So here it is, my very first tutorial to share with you. Very exciting.
Just before leaving for our LA and New York holiday, I knitted a lovely winter infinity scarf to take with me using a knitting loom. Amanda and I had had a much smaller version when we were children, and I was rather surprised to see that over 20 years later they are still around. Mine cost less than $10 from my local craft store, and there were several different shapes and sizes available.
I quickly discovered however that the instructions supplied with mine had a misprint. After some trial and error I eventually figured out the technique, and thought this tutorial might be useful to other 'first time' loom knitters.
I loved how quick and easy it was once I got the hang of it, and the pattern is really pretty – it's actually reversible, rather than a knit effect on one side and a purl on the other.
NOTE: In this tutorial I have used two strands of yarn simultaneously, which results in a much thicker effect. If you decide to only use one thick strand of yarn, the method is exactly the same, the only difference is instead of four loops around each peg, yours will have two.
rectangular knitting loom
loom hook or crochet hook
yarn (I used 2 balls 8 ply weighing 85g each for this project)
Step 1 - Make a slip knot and place it around peg X, leaving approx 5 inches of yarn so you can weave it back through once finished. Then take the yarn across to peg 1.
Step 2 - Wrap the yarn clockwise around peg 1 and take across to peg 2.
Step 3 - Wrap the yarn anti clockwise around peg 2 and take across to peg 3.
Continue wrapping each peg in the figure 8 pattern until you reach the desired width of your scarf. For mine I only wrapped 14 of the 18 available pegs.
Step 4 - After wrapping the final even numbered peg, bring the yarn across to the second last odd number and hold.
Step 5 – Push the yarn down on each wrapped peg so that the loops are at the base.

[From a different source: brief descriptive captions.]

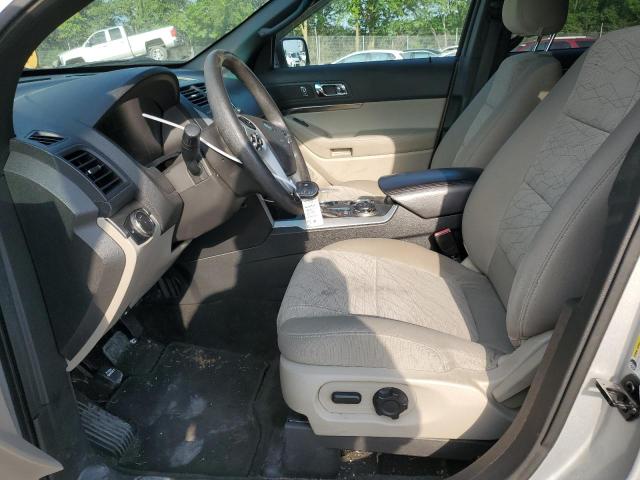 Photo 7 from auction – 2013 FORD EXPLORER with VIN 1FM5K8B81DGB02367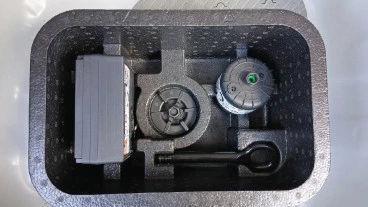 Hyundai i20 1.0 TGDI Klass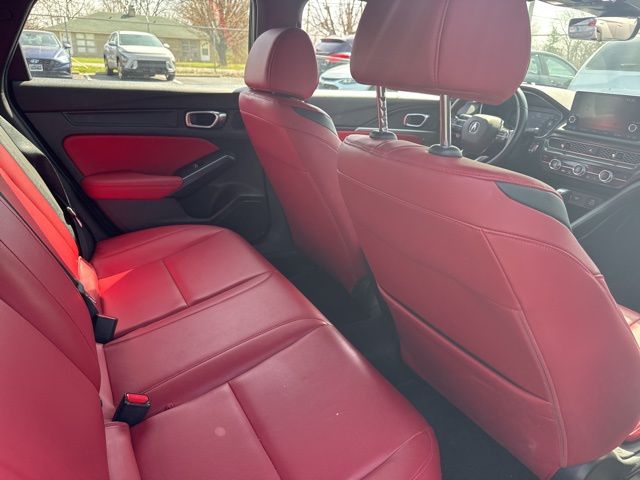 Used 2023 Acura Integra For Sale in Indianapolis, IN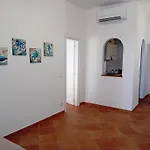 Nyaraló About Capri *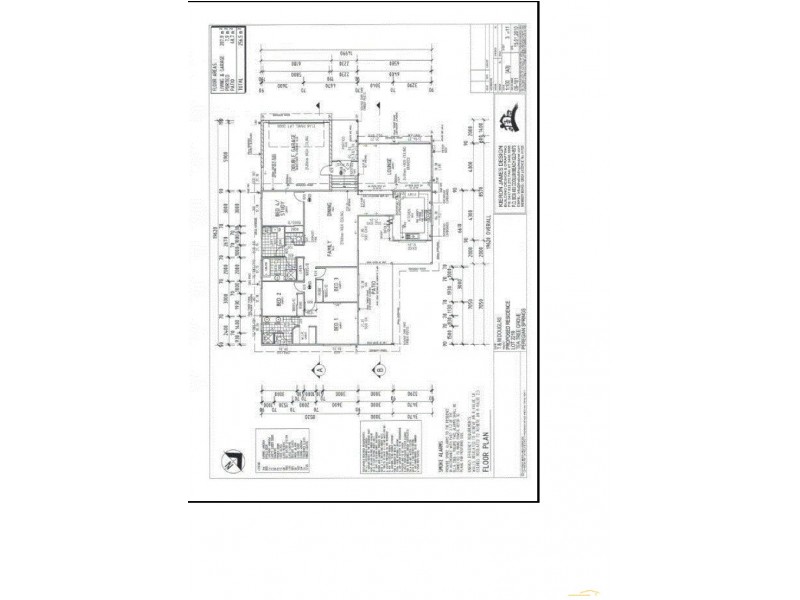 7 Tea Tree Grove, Peregian Springs QLD 4573 Floorplan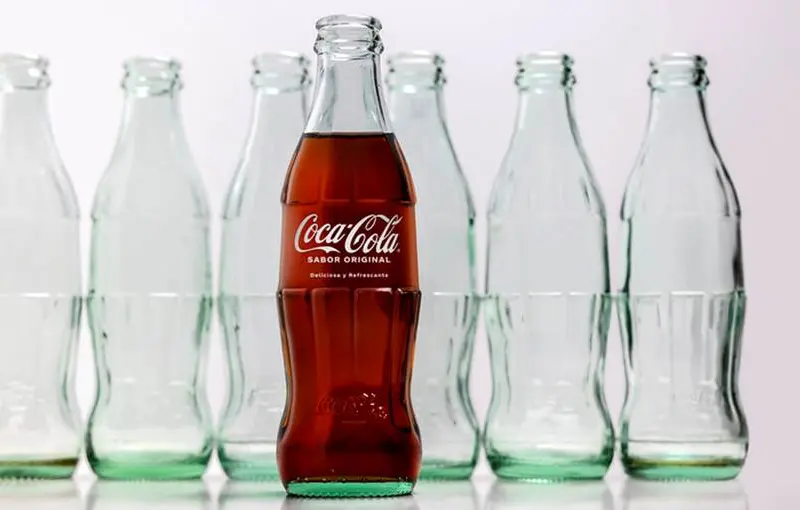 Coca-Cola promueve el uso de vidrio retornable en la hostelería española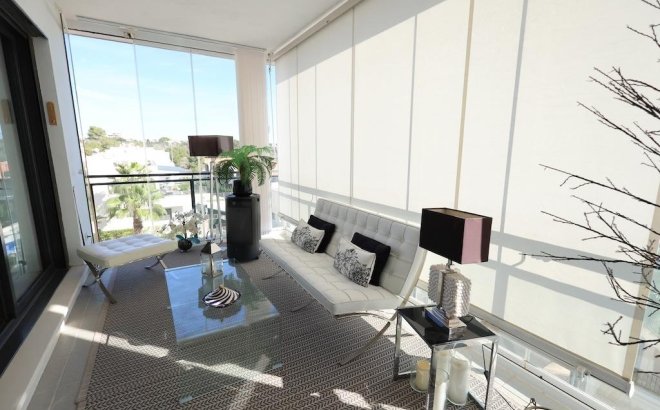 Resale - Apartment -
Orihuela Costa - Costa Blanca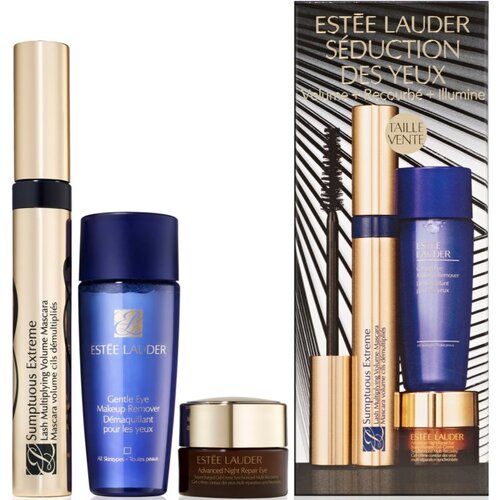 Estée Lauder Holiday Fall Mascara Sets Eye poklon set (za oči) Cijene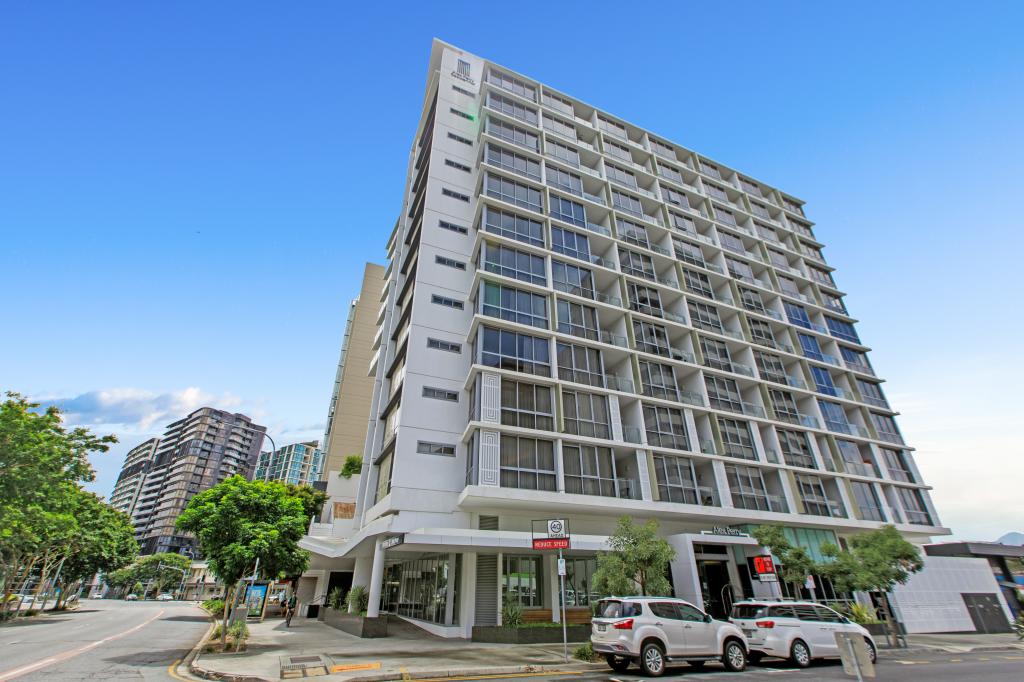 913/959 Ann St, Fortitude Valley, QLD 4006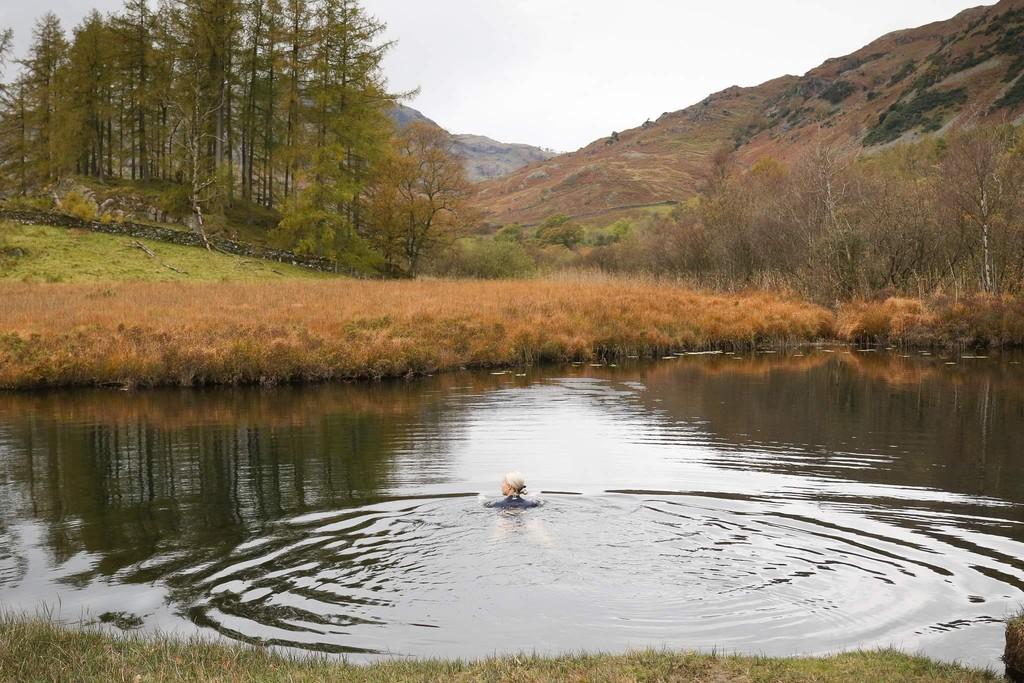 Lake District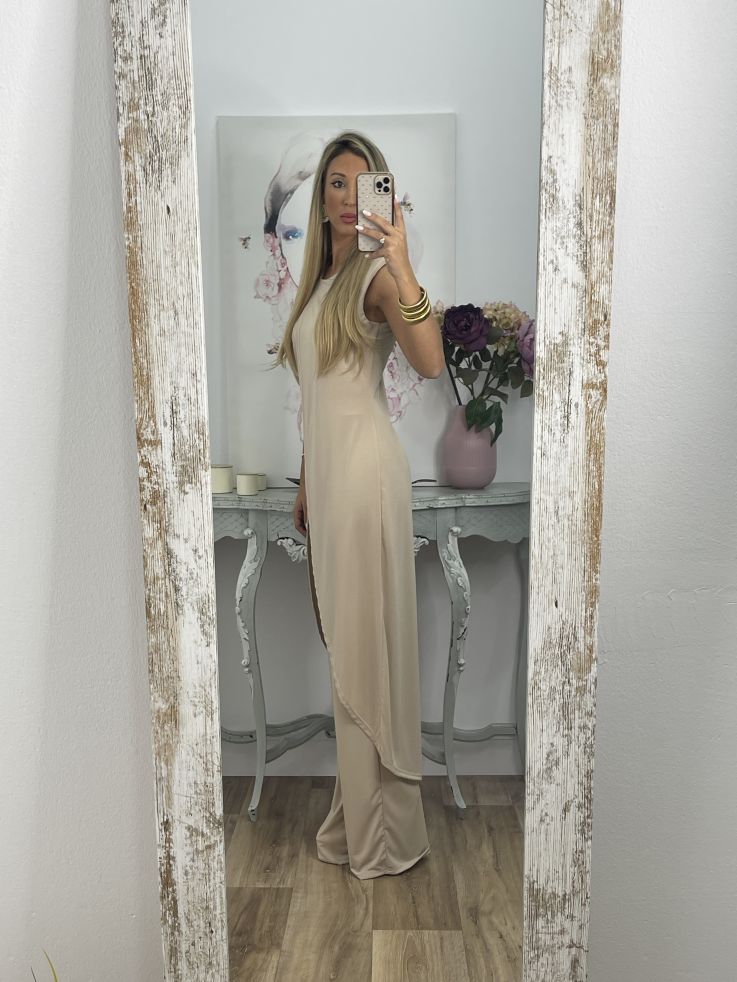 MIA - Elegante Zweiteiliges Set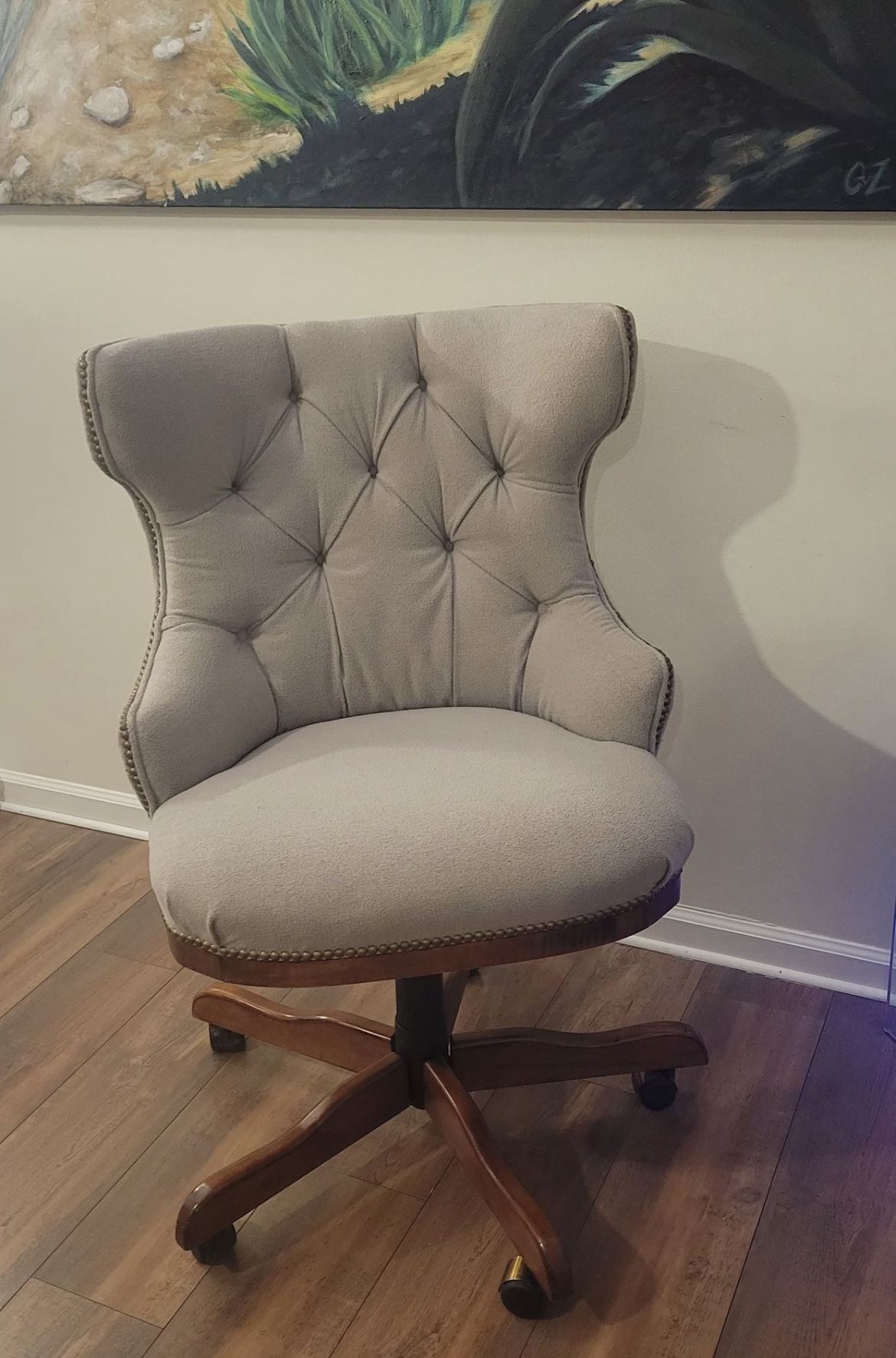 Century’s Hickory NC Office Chair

Step 6 - Wrap the yarn anti clockwise around the last odd numbered peg, creating a second loop of yarn around it. Now take across to the second last even numbered peg.
NOTE: The last even numbered peg will not have a second loop.
Step 7 - Wrap the yarn clockwise around the second last even numbered peg and take across to the second last odd numbered peg.
Continue wrapping each peg in the figure 8 pattern, working back towards the first peg.
Step 8 - After wrapping peg 1, take the yarn across between peg 2 and 4 and hold.
Step 9 – Using the loom hook (mine came with the loom) or a crochet hook, lift the bottom yarn loop over the top one, working down one side of pegs and then the other. The wrapping yarn will be in your left hand, ready to begin wrapping again from left to right.
Step 10 - Push the yarn down again on each wrapped peg so the loops are at the base. This is your first row completed.
To continue the pattern simply repeat steps 3, 4, 9 and 10 to complete each row (when working from left to right as mentioned above in step 9). After a few rows you can undo the slip knot created in step 1.
Once you have reached the desired length of your scarf (mine is approx 42 inches and a reasonably snug fit) and there is only one loop around each peg, cut the wrapping yarn off leaving a few inches. Using the loom hook (or crochet hook) start at the end opposite to the yarn tail and lift the loop off the odd numbered peg onto the crochet hook. Go to the even numbered peg and lift that loop off onto the loom hook as well.
Pull the first loop (closest to your hand) over the second loop.
Repeat this all the way down the loom until you reach the end. Pull the wrapping yarn through the last loop with the loom hook, pull snugly and weave the remaining yarn into the finished project. Now join the two ends with a flat seam using the same coloured yarn.
To wear, I give mine a quick twist before slipping over my head for a cozy, snug fit.